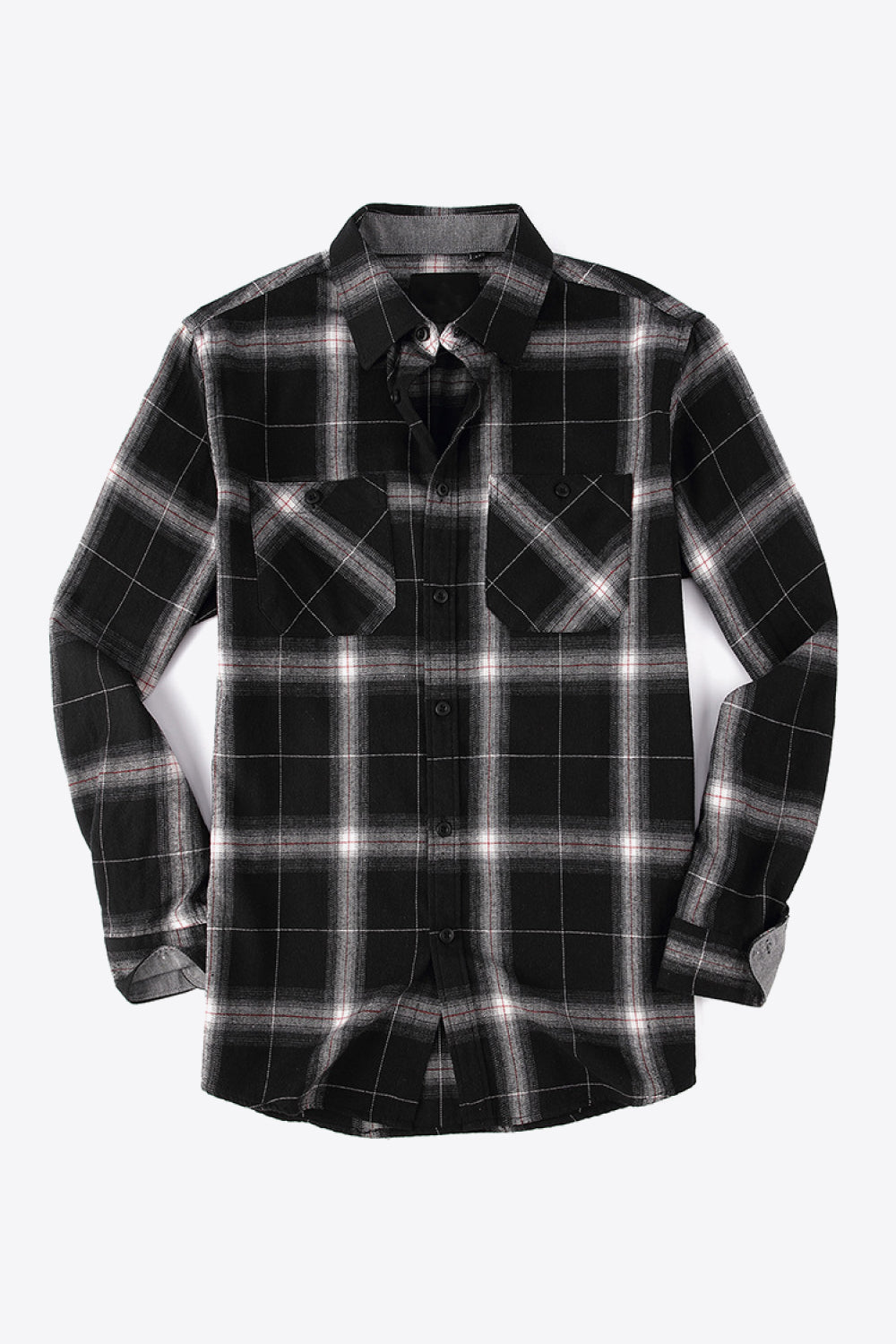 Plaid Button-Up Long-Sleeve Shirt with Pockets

★ ★ ★ ★ ★ ★ ★

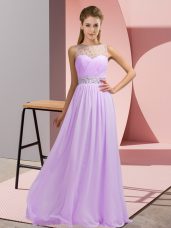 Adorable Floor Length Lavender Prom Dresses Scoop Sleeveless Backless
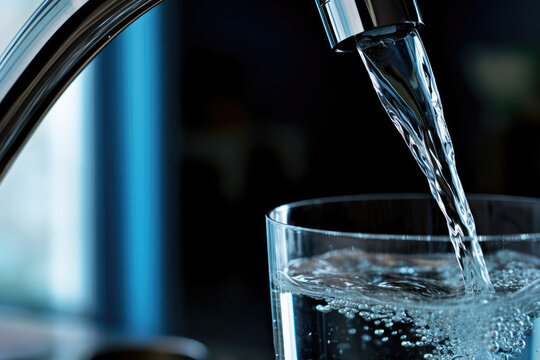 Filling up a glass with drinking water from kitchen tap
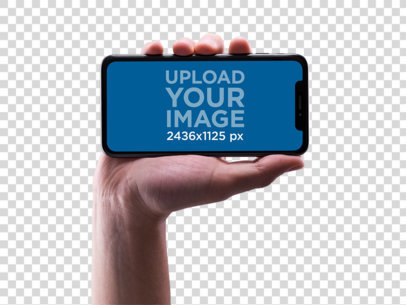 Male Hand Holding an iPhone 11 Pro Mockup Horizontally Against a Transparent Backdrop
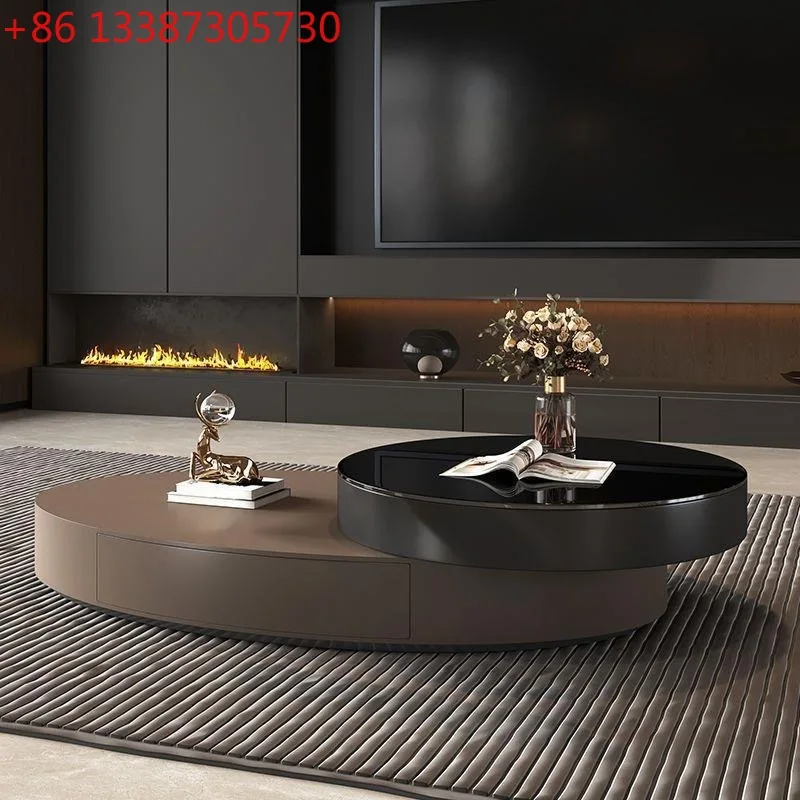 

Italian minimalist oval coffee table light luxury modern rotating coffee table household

★ ★ ★ ★ ★ ★ ★

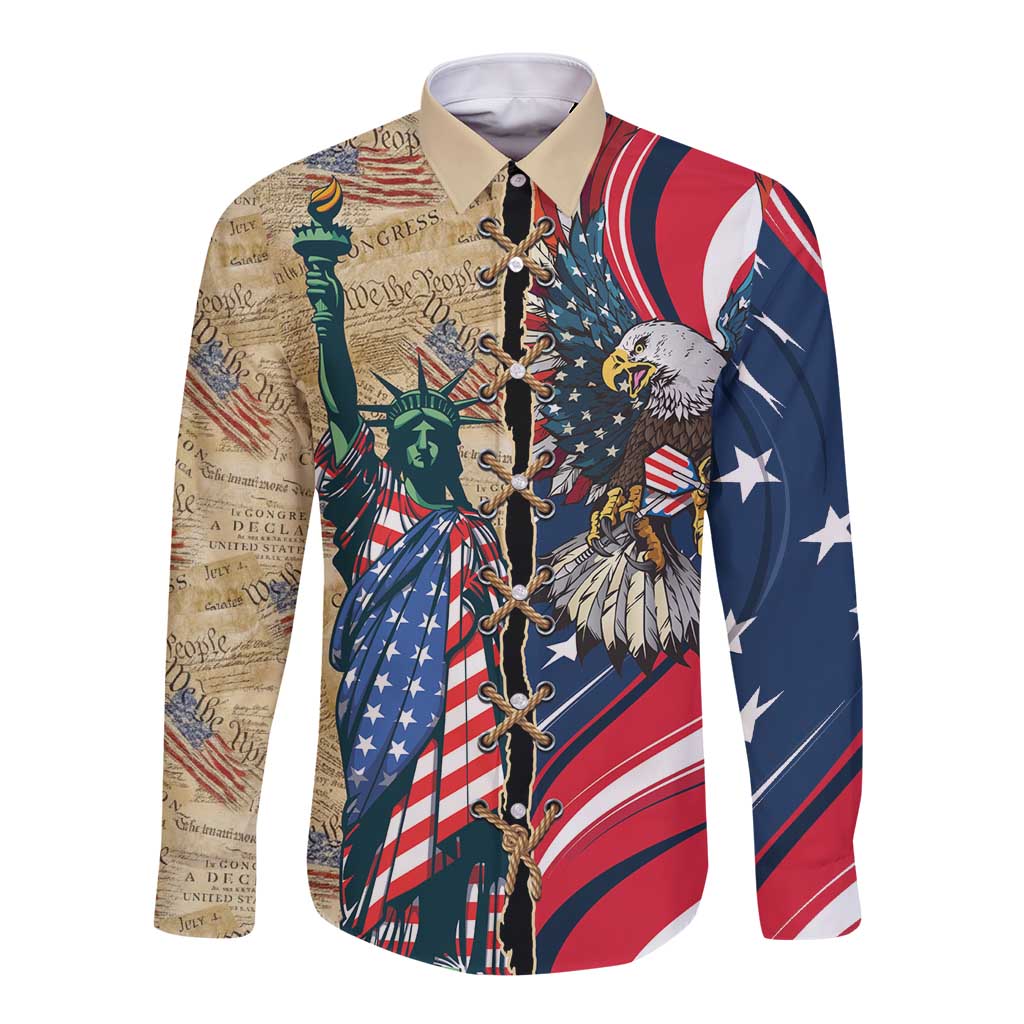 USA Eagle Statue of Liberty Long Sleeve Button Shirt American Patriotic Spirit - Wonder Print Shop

★ ★ ★ ★ ★ ★ ★

In the data above, take the line with "Adorable Floor Length", the line with "Italian minimalist oval", and every line between, and set them down exactly without pictures.

 Adorable Floor Length Lavender Prom Dresses Scoop Sleeveless Backless
 Filling up a glass with drinking water from kitchen tap
 Male Hand Holding an iPhone 11 Pro Mockup Horizontally Against a Transparent Backdrop

Italian minimalist oval coffee table light luxury modern rotating coffee table household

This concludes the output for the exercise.